FORT BENNING, Ga. - It's been said we all have a twin somewhere along the universe's space-time continuum.

As a college student 20 years ago, a guy once told me I looked just like country music star Randy Travis. "If I could sing like him," I replied, "I wouldn't be wasting my time in this dull history class - I'd be out on the road somewhere tonight wondering which champagne goes best with shrimp cocktail and lobster."

My wife claims I'm a dead ringer for Steven Seagal. (But I'm no deputy sheriff, and never banked a dime at the box office busting heads on the silver screen.)

In the case of LT Rudolf Walters, however, we all agree the resemblance is uncanny.

Occasionally, people stop by my desk in The Bayonet office at Ridgway Hall and ask, "Is that you' I didn't know you were a fighter pilot."

At the very least, I must be a descendant, they insist.

Well, I'm not - and unfortunately, we know very little else about my World War II-era look-alike.

It all started a few months ago when Bridgett Siter went rummaging through some old files in the Maneuver Center of Excellence Public Affairs Office and came across the photo, which was taken by Robert de T. Lawrence.
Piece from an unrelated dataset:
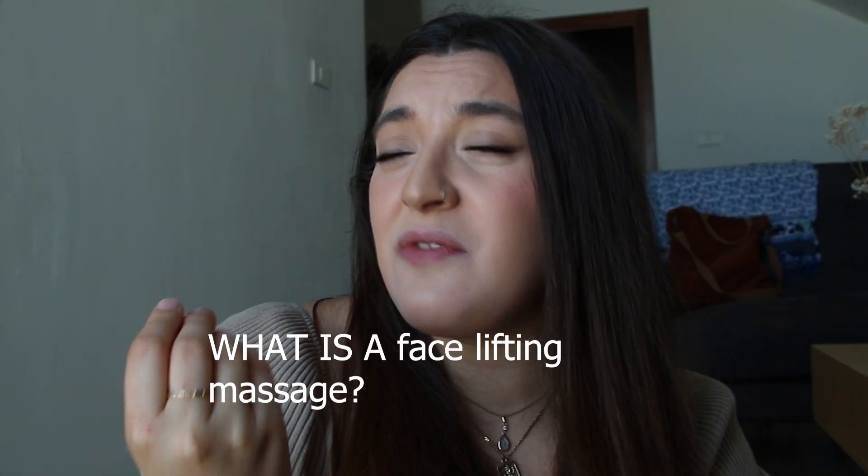So you may ask yourself, what is a facelifting massage? I'm not quite sure myself, so I'm gonna do my research for a bit and then come back to you with answers and a tutorial about how to do it the correct way, and then we can start the challenge.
On the back, an address label shows the name, Treville Lawrence of Marietta, Ga. Handwritten in cursive are the words: "1941 ... Lt. Rudolf Walters ... Ft. Benning, Ga. ... Lawson Fld ... O-47 Observation Plane."

Walters is pictured standing with his right hand draped over a North American O-47, which was an observation fixed-wing aircraft monoplane used by the U.S. Army Air Corps. It had a low-wing configuration, retractable landing gear and a three-blade propeller.

According to an online search, Lawrence, the photographer, passed away in recent years but had been married to Perk Lawrence, 89, of Marietta, following the death of her first husband in 1994.

"Perk laughs often and her eyes twinkle when she talks about the ten wonderful years they shared," reads a posting on the High Museum of Art Web site in Atlanta, where she was cited as a donor last year.

I'd love to learn more about LT Rudolf Walters. His flight path out of Fort Benning's Lawson Army Airfield likely led to action in World War II over the skies of the Pacific or Europe, where ironically, my own journalism career carried me in the past decade. Maybe he scoped out landing zones for D-Day and the Allied Invasion of Normandy in June 1944. Sometimes, I peek at the photo above my desk and wonder.

Perhaps this might generate a few clues about what became of him.

In the meantime, I'll continue regaling visitors with tales of my past life as a recon pilot.